** Given records follows **
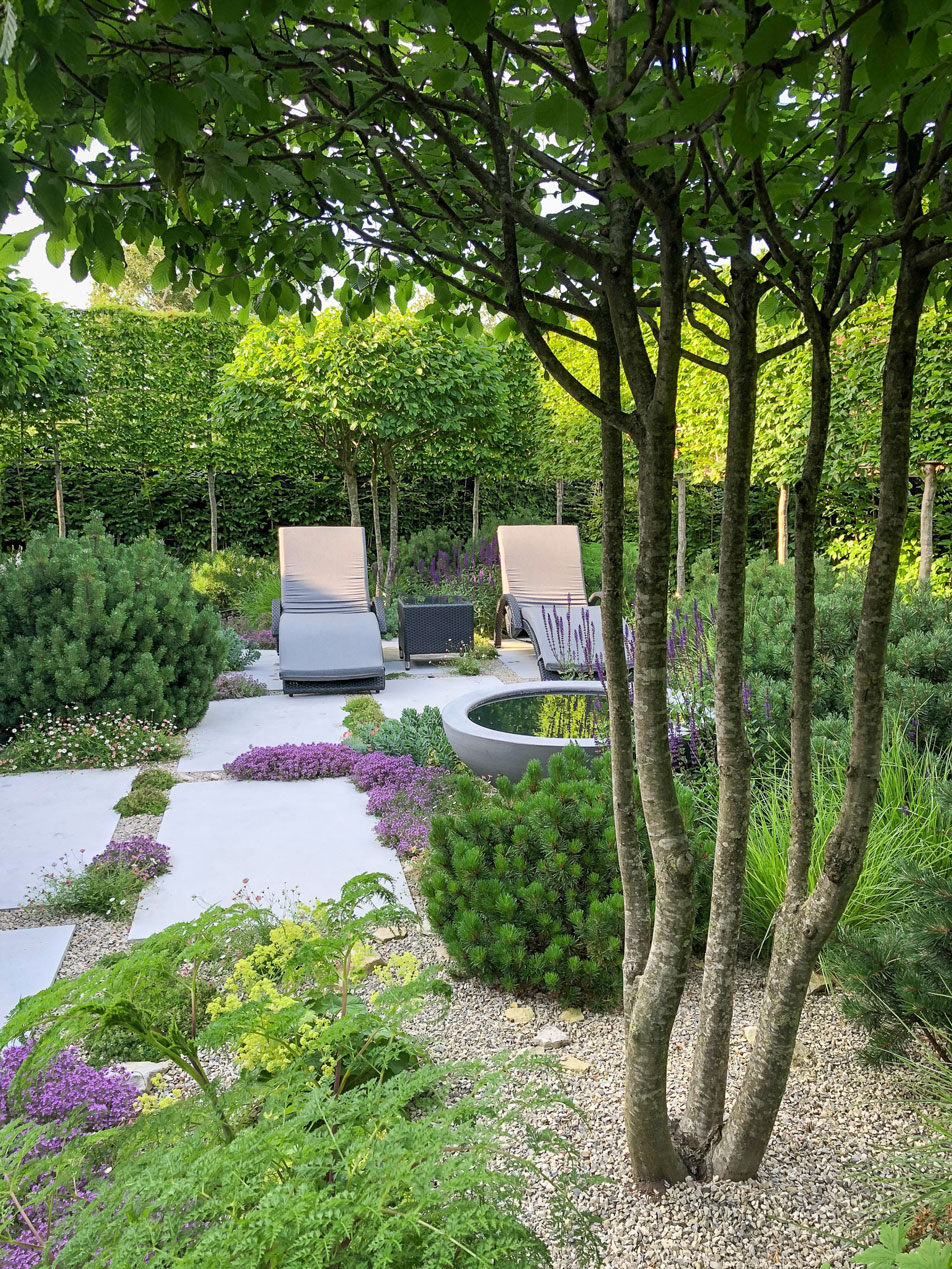 Suffolk garden designer multi stem tree water bowl seating area natural planting pleached trees Colm Joseph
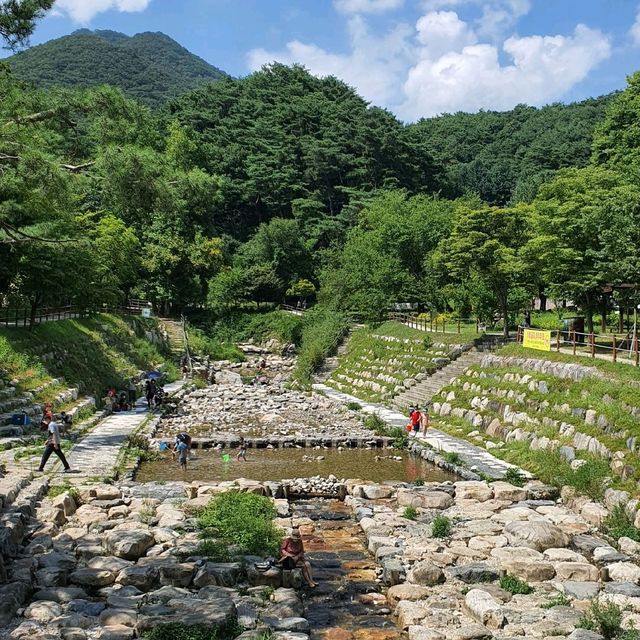 경기도 양평 나들이 추천 '용문사'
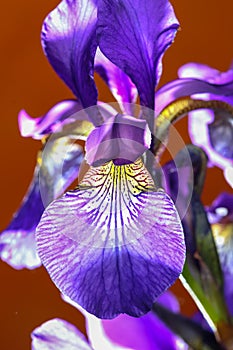 Iris sanguinea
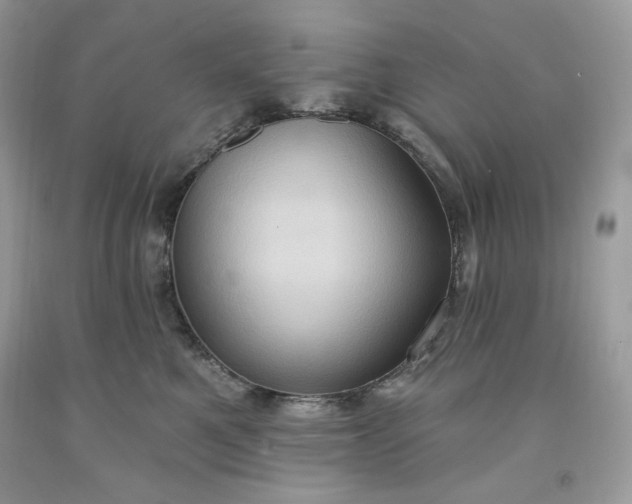 X0000091640521200709060940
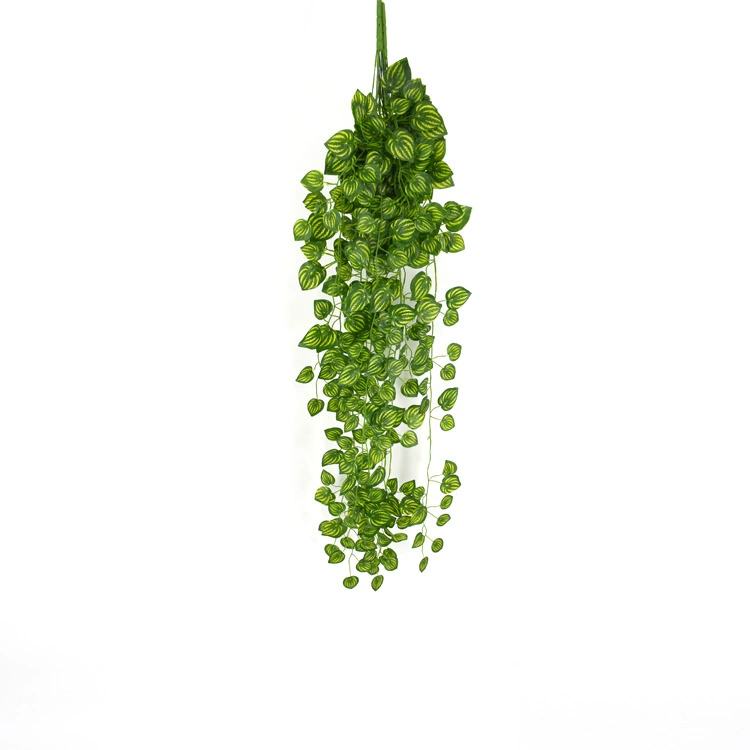 Симулированный замиак Chlorophytum настенное украшение, искусственный ротанговый вечнозелёныйBegonia зелёное растение настенное украшение Путос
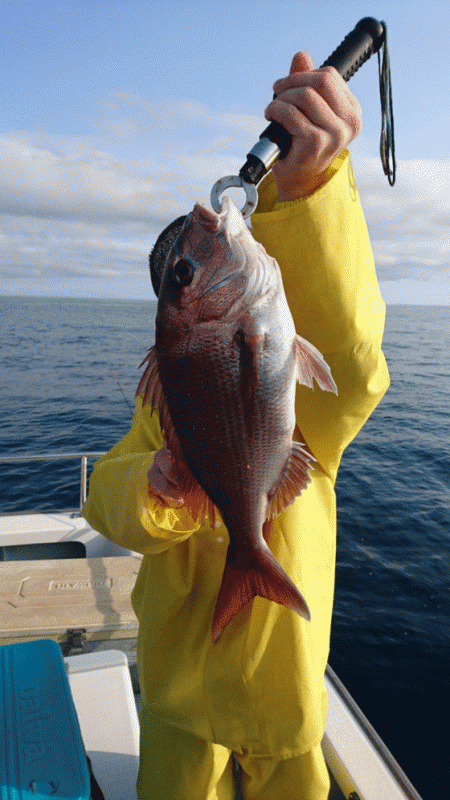 遊漁船ブルーウッズ 釣果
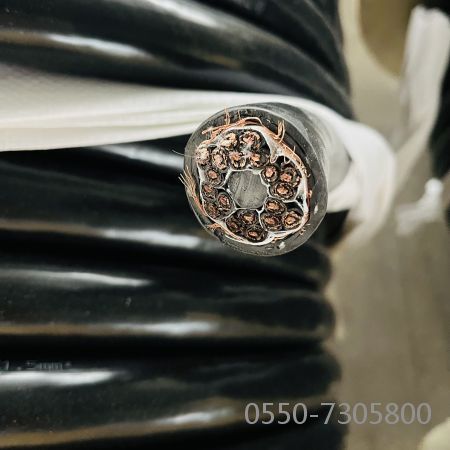 龙八- long8(国际)唯一官方网站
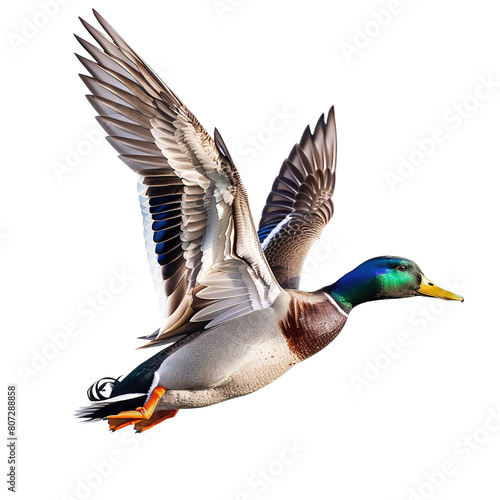 Male mallard isolated on white or transparent background © Nazmus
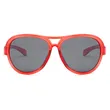 Double Bridge Plastic Sunglasses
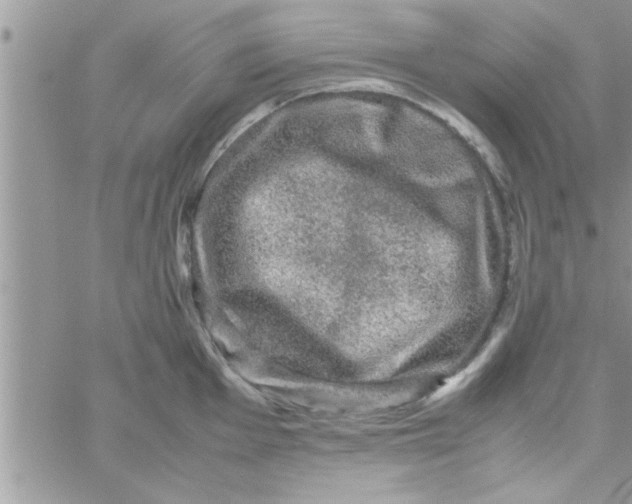 X0000061141001200512091929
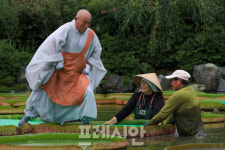 [포토] 강진 남미륵사 법흥 스님 연잎 위를 걷다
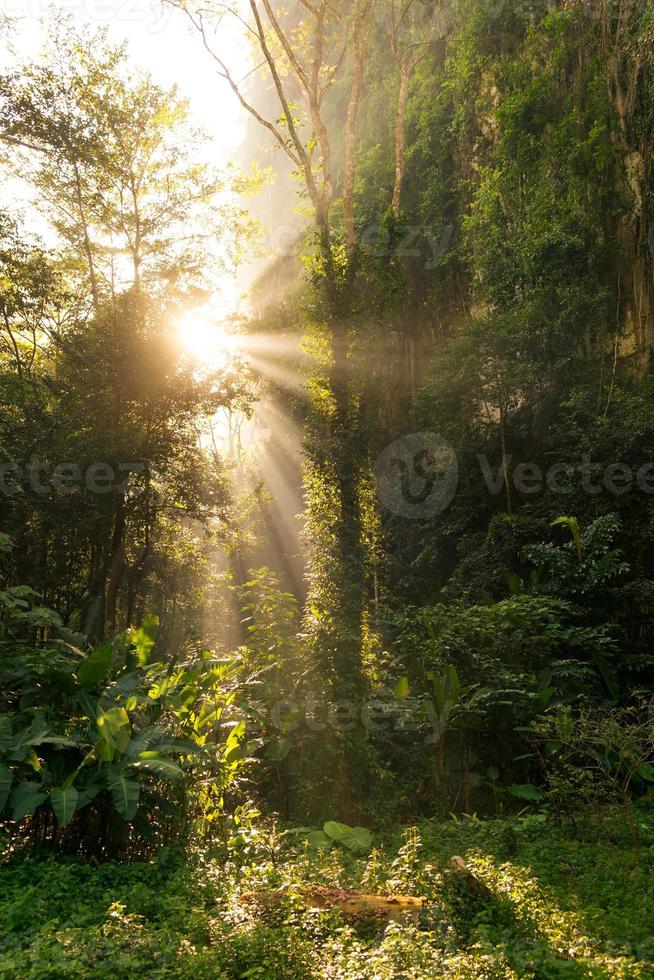 Des rayons de soleil chaud traversant les forêts d'arbres forestiers photo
** End of Given records **
Reproduce the listing word for word, but keep the pictures out of it.

**Result:**
 Suffolk garden designer multi stem tree water bowl seating area natural planting pleached trees Colm Joseph
 경기도 양평 나들이 추천 '용문사'
 Iris sanguinea
 X0000091640521200709060940
 Симулированный замиак Chlorophytum настенное украшение, искусственный ротанговый вечнозелёныйBegonia зелёное растение настенное украшение Путос
 遊漁船ブルーウッズ 釣果
 龙八- long8(国际)唯一官方网站
 Male mallard isolated on white or transparent background © Nazmus
 Double Bridge Plastic Sunglasses
 X0000061141001200512091929
 [포토] 강진 남미륵사 법흥 스님 연잎 위를 걷다
 Des rayons de soleil chaud traversant les forêts d'arbres forestiers photo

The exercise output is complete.